From <[email protected]> Date: Fri, 22 Dec 2000

I would like to know more about the cramming? I have grand ideas of stuffing kittens into old medicine bottles and suchlike. Could one cram kitten and boat into one bottle? What a mystery! Yes. Perhaps I hook up remote-control device & wheels to bottle and kitten gets tour of house under my control... So many ideas flood my mind and make me sick with happiness!

Dear Anon,

That is a very interesting suggestion, that merits further study. You could probably apply for a government science grant! This sounds like an ideal way for your Bonsai Kitten to be able to explore dangerous environments in which you would never allow a normal kitty, such as the inside of the neighbour's dog kennel, or on a football field during the big game.
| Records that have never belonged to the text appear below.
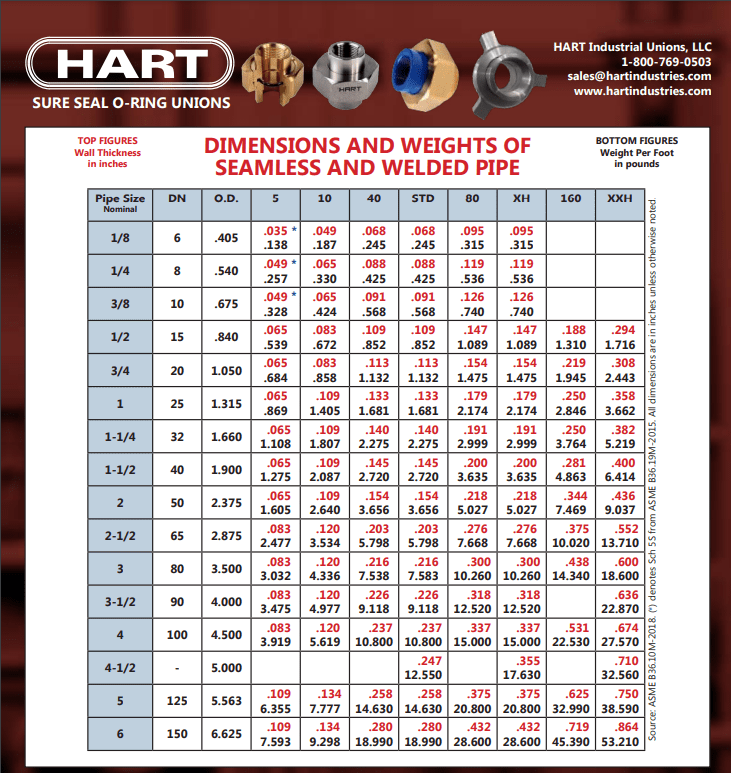 HART Pipe Schedule Reference Chart & How To Order Guide
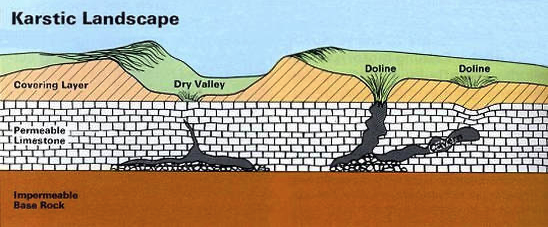 Karstic Landscape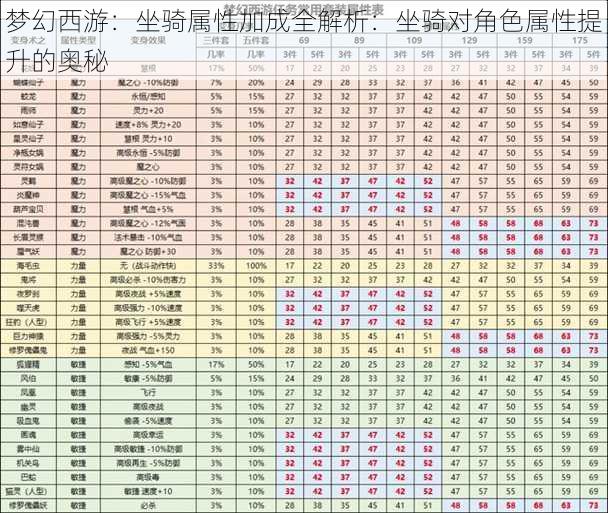 梦幻西游：坐骑属性加成全解析：坐骑对角色属性提升的奥秘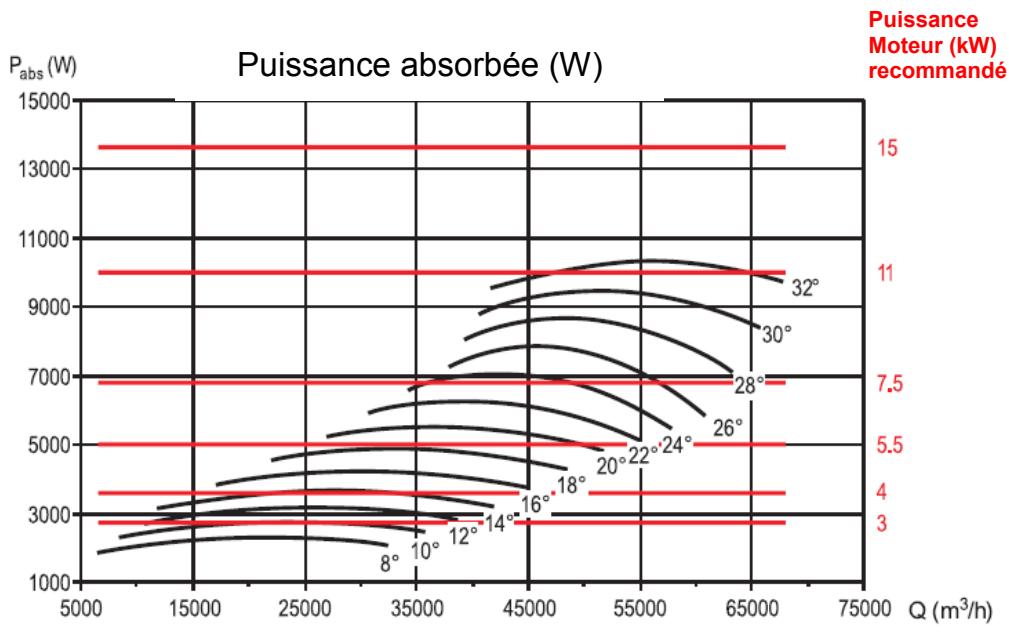 UNELVENT THGT - Courbes caractéristiques - 2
If you send us the bottle, we can custom drill axle bearing holes and chassis attachment points with our precision equipment, to ensure proper alignment. You wouldn't want a wobbly kitty! Please e-mail us to work out further details.

Feel free to comment and discuss! :thumbsup:
 
Definetly distrubing. A little less though would be kung fu cats in jars.

[ame="http://www.youtube.com/watch?v=7245jE1FS9U"]YouTube - Toyota Corolla TV Commercial[/ame]

Me likey the reps. Thanks
 
A few oldies but goodies since we're on the topics of cats.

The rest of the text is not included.